In France, there have been protests surrounding World Cup host Qatar’s human rights violations, and many cities have agreed not to install giant outdoor screens for the games.

French cities ban big screens, fan zones for World Cup games to protest Qatar's human rights record
On Tuesday (Nov 22), Didier Deschamps’ side started their title defence with a 4-1 win over Australia. (AP Photo/Christophe Ena)

LYON: Defending champions France may have won their World Cup opening match in Qatar, but there has been less of a festive atmosphere back home this time. 

Across the country, there have been protests over purported human rights violations by the host nation. Many French cities such as Paris and Marseille have also agreed not to install big screens or set up fan zones for the World Cup games, which is being held during the northern hemisphere winter. 

In Lyon, for instance, city representatives have been outspoken over concerns about alleged human rights abuses and the environmental impact of hosting a World Cup in the tiny Gulf nation of Qatar.

“The values of this World Cup are totally the opposite of ours,” said Lyon’s secretary of sport Julie Nublat-Faure. 

“There’s a denial of human rights, there’s environmental irresponsibility and there are concerns over freedom. So that’s what drove our city not to celebrate the World Cup, not to build fan zones or special sports villages, and also not to promote the tournament.”

But French President Emmanuel Macron said ahead of the controversy-tainted tournament in Qatar that “you must not politicise sport”, with his office noting that he would attend games there if France reaches the semi-finals.

A TIME TO UNITE

Despite the political concerns, the World Cup is a time to unite, said artist Julien Bard from the art group ArtUp. He is one of the artists who painted a huge mural of French striker and Ballon d'Or winner Karim Benzema in Bron, a commune in Lyon.

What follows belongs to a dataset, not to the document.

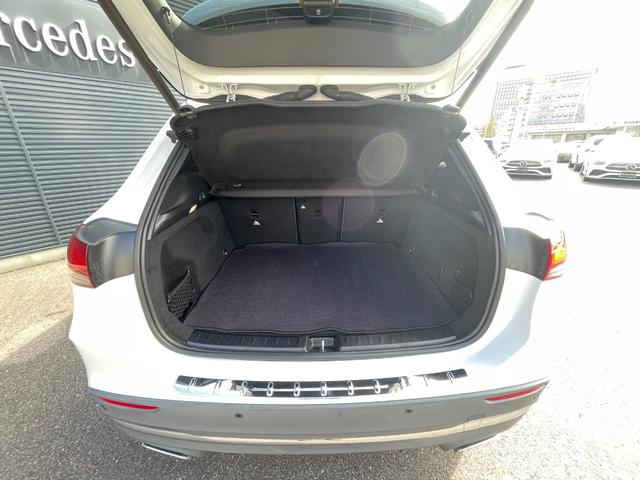 GLAクラス GLA200d 4マチック AMGライン AMGレザーパッケージ ナビゲーションパッケージ マルチビームLED マルチカラーアンビエントライト テレビ機能(12セグ/ワンセグ自動切替)アクティブレーンチェンジアシスト 自動再発進機能(29枚目)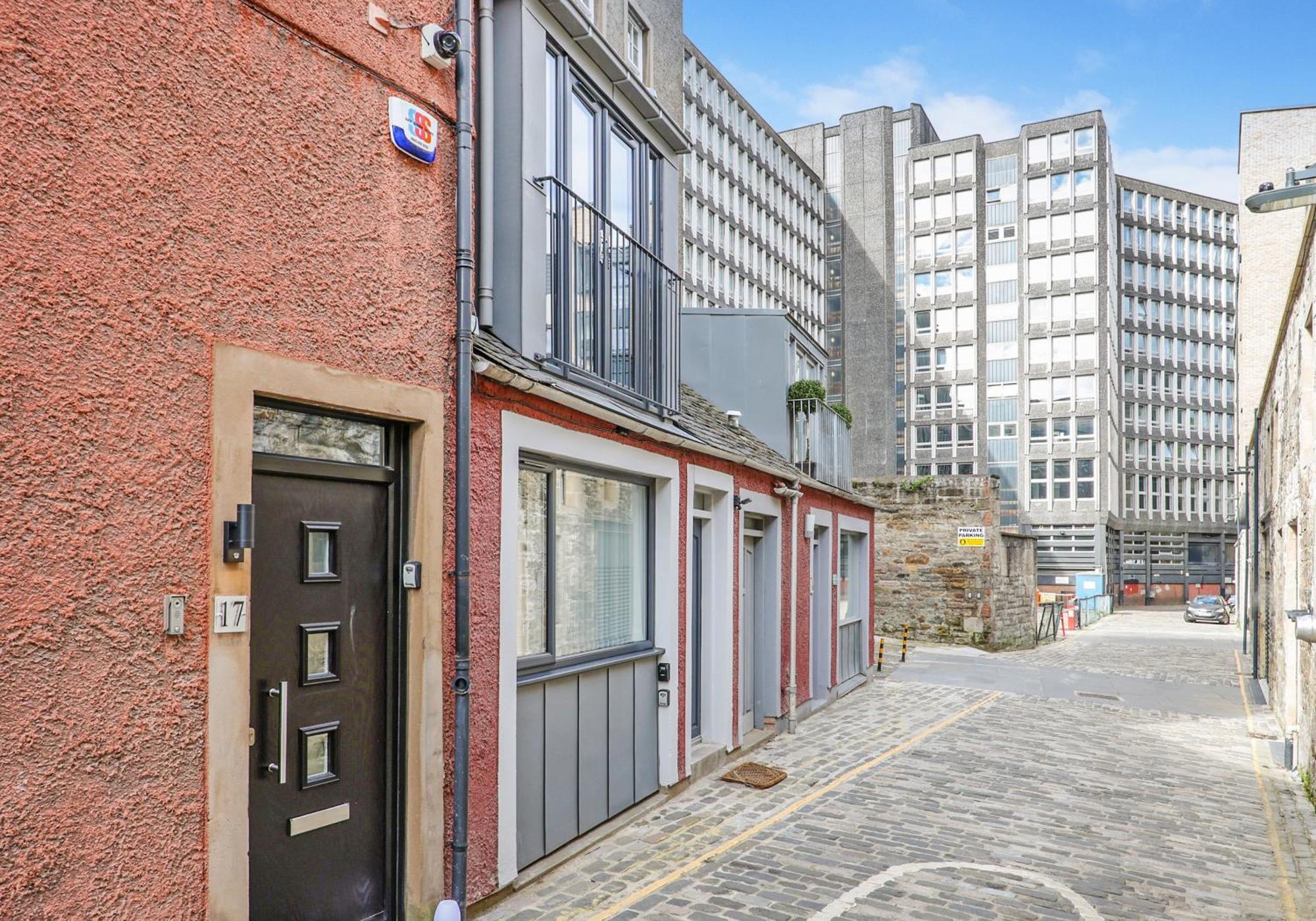 Stylish Mews House Old Town 1-br With Parking Apartment *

He said: “For about a month or so, everyone meets up, watches games together, and you meet people for the first time just cheering and enjoying a match together. 

“Obviously, the best times were when France won, and everybody went outside celebrating. It doesn’t matter if you’re black, Arab, white, a World Cup is truly a moment when we are all together, as one, as a country.”

Les Bleus, as the French national football team is commonly known, won the World Cup on home soil for the first time in 1998. Four years ago, the nation went wild as they lifted the World Cup trophy for the second time.

The players paraded the trophy on the streets of the capital and attended a party held in the gardens of the presidential palace.

CAN FRANCE BREAK THE CHAMPIONS' CURSE?

The odds are against Les Bleus at the World Cup, as they look to break the curse that has plagued defending champions. The last team to win back-to-back global titles was Brazil 60 years ago.

On Tuesday (Nov 22), Didier Deschamps’ side started their title defence with a 4-1 Group D win over Australia.

The French are hoping their team, which has been hit by a string of high-profile injuries coming into the tournament, can pull through and win back-to-back titles. 

But they have to do so without their big names, such as striker Benzema and star midfielders Paul Pogba and N'Golo Kante.

SC Bron-Terraillon coach Frederic Rigolet, who helped coach a young Benzema, said: “Statistically, the team aren’t favourites to win. When you return as champions, it seems that it’s more likely that you do not win it again. 

“I hope that statistics turn out to be wrong and France achieve their goal of winning the World Cup again.”